You can dump the code of all cells in a Notebook into a Python script using the `jupyter` command shown below. Suppose that you have a Notebook saved in the file `mynotebook.ipynb`. The following cell converts the Notebook into a Python script `mynotebook.py`.

In [20]:
# Do not try to run this unless you already have a file called mynotebook.ipynb
# This is just an illustration.
!jupyter nbconvert --to script "mynotebook.ipynb"

This application is used to convert notebook files (*.ipynb)
        to various other formats.


Options
The options below are convenience aliases to configurable class-options,
as listed in the "Equivalent to" description-line of the aliases.
To see all configurable class-options for some <cmd>, use:
    <cmd> --help-all

--debug
    set log level to logging.DEBUG (maximize logging output)
    Equivalent to: [--Application.log_level=10]
--show-config
    Show the application's configuration (human-readable format)
    Equivalent to: [--Application.show_config=True]
--show-config-json
    Show the application's configuration (json format)
    Equivalent to: [--Application.show_config_json=True]
--generate-config
    generate default config file
    Equivalent to: [--JupyterApp.generate_config=True]
-y
    Answer yes to any questions instead of prompting.
    Equivalent to: [--JupyterApp.answer_yes=True]
--execute
    Execute the notebook prior to export.
    Equivalent to: [--ExecutePr

In [21]:
# This will view the resultant Python code mynotebook.py
!cat "mynotebook.py"

cat: mynotebook.py: No such file or directory


The above commands should have created a Python script named `mynotebook.py`. You can submit this script to the queue as follows:

In [22]:
# Do not submit; this is an illustration.
%%qsub
cd $PBS_O_WORKDIR
python mynotebook.py

SyntaxError: invalid syntax (3277707077.py, line 3)

<a name="sec-final"></a>
## 4. Final Notes
This document covered some of the basics of using the JupyterLab environment on the DevCloud. 

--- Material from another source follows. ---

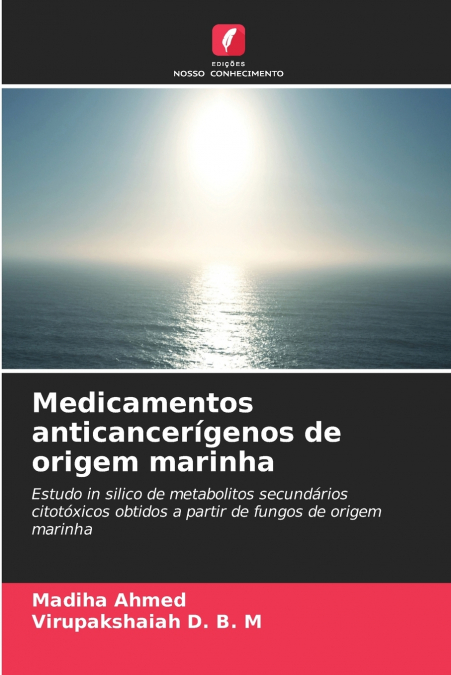 Medicamentos anticancerígenos de origem marinha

JupyterLab is not the only way to access the DevCloud. You can also log in with an SSH client or a file transfer application based on the SSH protocol (e.g., WinSCP or FileZilla). This may be a more convenient access mode for advanced users who already have the code base developed, and who want to execute their code on powerful compute resources.